D’Aubuisson De Voisins, Jean-Francois; Des Mines de Freiberg en Saxe et leur Exploitation. Three volumes complete. First edition, Pierre Phil. Wolf, Leipsic: 1802. Octavo, tome 1, pp. xxxvi, 2, 347, viii, 3 folded plates. Tome 2, pp. 2, 250, vi, 2, plates 4 - 5 , (being 2 folded maps). Tome 3, pp. 2, 286, vi, plates 6 - 8. (folded)
The set is complete with all plates and maps present as issued. Bound in contemporary boards with gilt spine titles. Light shelf rubbing to bindings, light wear to outer binding edges. The bindings remain tight, text and all plates and maps are clean and bright. In very good condition. Rare as a complete set.
Jean-Francois D”Aubuisson De Voisins, (1769-1841) was a French geologist, mineralogist and mining engineer. After serving as a artillery officer in the French army for six years from 1791 to 1797 he settled in Freiberg where he taught mathematics and also attended the Bergakademie and studied mineralogy, geology and mining under Abraham Gottlieb Werner for four years. He was to translate Werner’s first works into French. His studies also included a number of field excursions to the various Saxon mines. D’Daubuisson kept detailed notes and maps of all of the mining areas he visited. He became intrigued by the surrounding geology and basalts, especially the origins of the basalts. D’Aubuisson initially followed Werner in his geological beliefs, and he published a small book in 1803, “The Basalts de la Saxony” and proposed the sedimentary origin of basalt. Upon returning to France d’Aubusson spent far more time studying the basalts in the Auvergne region with Guettard and Desmerest who regarded the basalts as the product of volcanic eruptions He returned from these studies convinced that basalts were of volcanic origin. In 1807 d’Aubuisson became mining engineer for the departments of Doire and Sesia, in the Piedmont, now part of Italy. He was appointed chief of the mineralogical district of Toulouse in 1811 and remained there for more than thirty years in an administrative post covering the entire Pyrenees region.
It was d’Aubuisson’s original studies under Werner and especially his meticulous studies of the mines of Freiberg and Saxony that attracted him to basalts and their origins. The short book or essay “The Basalts de la Saxony” which he had published in 1803 contained many of his observations from those field trips. This essay, in which the Wernerian doctrines were adopted, was read by Haüy and Ramond, who advised d’Aubuisson to inspect the basalts of Auvergne. This d'Aubuisson immediately did, with the result that in a paper “Sur les Volcans et les Basaltes de l'Auvergne”, read to the French Institute in 1804, he abandoned many of the views on basalts he had previously held. “The facts which I saw”, he wrote, “spoke too plainly to be mistaken; the truth revealed itself too clearly before my eyes, so that I must either have absolutely refused the testimony of my senses in not seeing the truth, or that of my conscience in not straightway making it known.”
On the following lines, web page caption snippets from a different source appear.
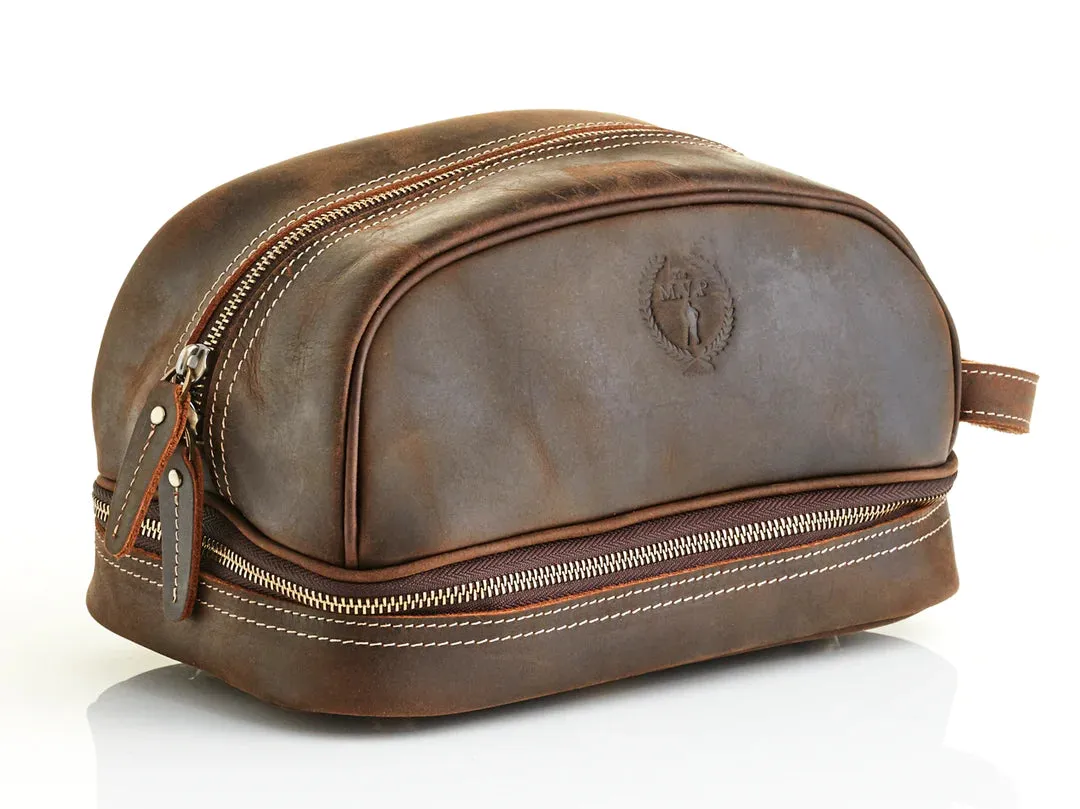 HERITAGE BROWN LEATHER DOPP BAG
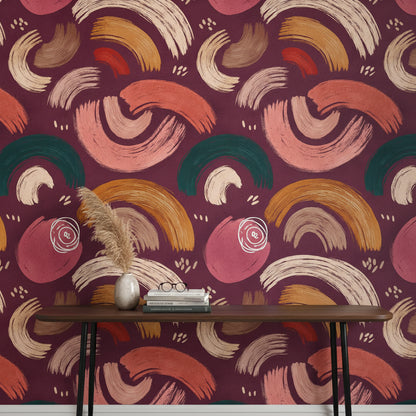 Burgundy and Ochre Abstract Brushstroke Wallpaper
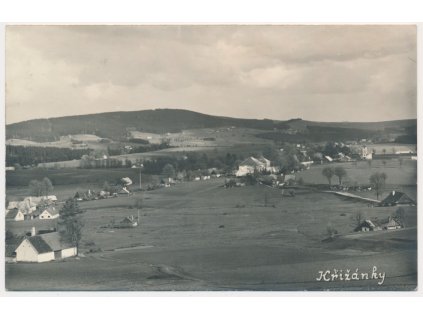 75 - Žďársko, Křižánky, celkový pohled na obec, cca 1948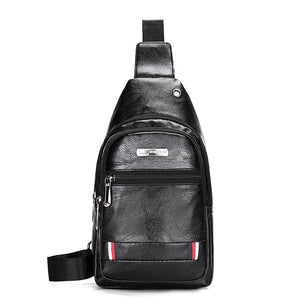Men's USB Charging Chest Bag PU Leather Shoulder Travel Bag
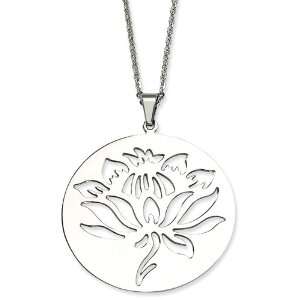  Stainless Steel Flower Cutout Pendant 22in Necklace 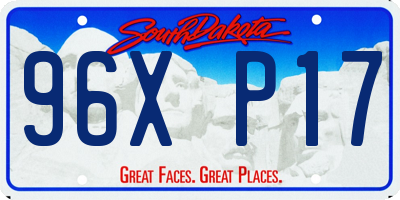 SD license plate 96XP17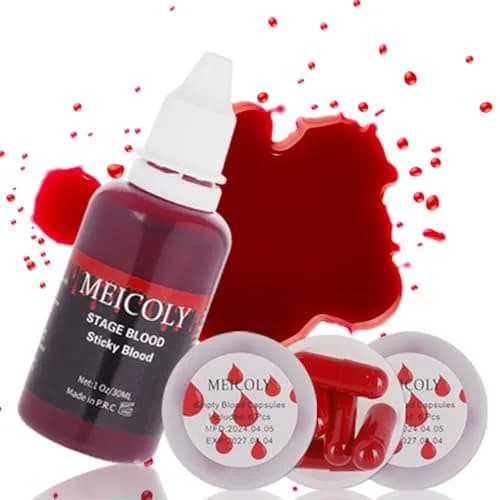 MEICOLY SFX Makeup Kit with Scar Wax & Fake Blood Spray, 7-Piece Set | Realistic Wound & Scar Effects for Special Occasions — 1 pcs Edible Fake Blood with 12 Capsules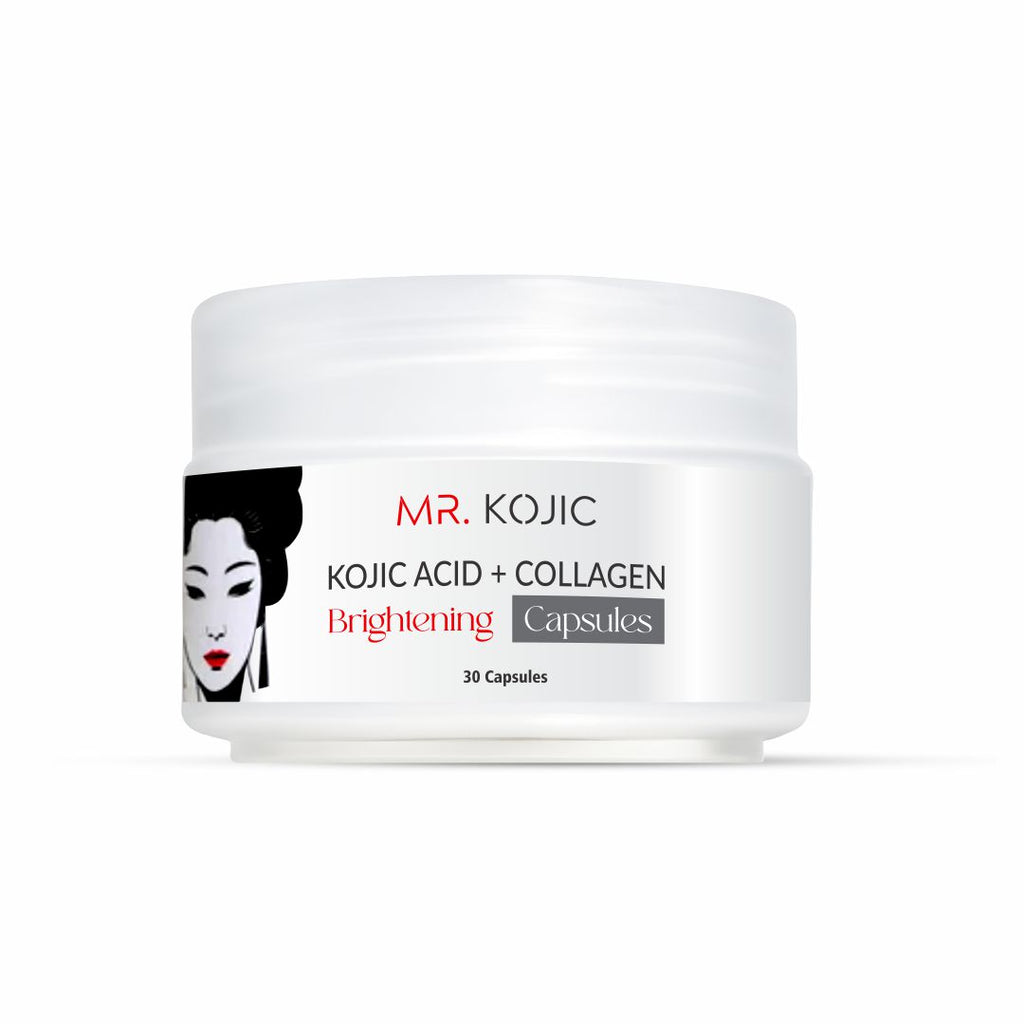 MR. KOJIC Kojic Acid + Collagen Brightening Capsules - 30 Capsules for Skin Whitening, Hydration, and Tone Correction, Non-Edible, Mix with Cream & Serum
D’Aubuisson’s original observations on the mines and his interest in basalts in Freiberg and Saxony are found in his 1802 three volume set “Des Mines de Freiberg en Saxe et leur Exploitation”. The work is the first to describe the methods of mining at Freiberg. The mines are famous for their silver and lead deposits. Volume 1 covers the techniques used at Freiberg, the construction of shafts, instruments used to survey the ore deposits, methods to loosen the ore etc. In volume 2, d’Aubuisson discusses the geology of the area, the origin of the ore deposits, the history of mining in the region and the origin of the famous Freiberg Academy. In volume 3 he describes in detail each mine in the region.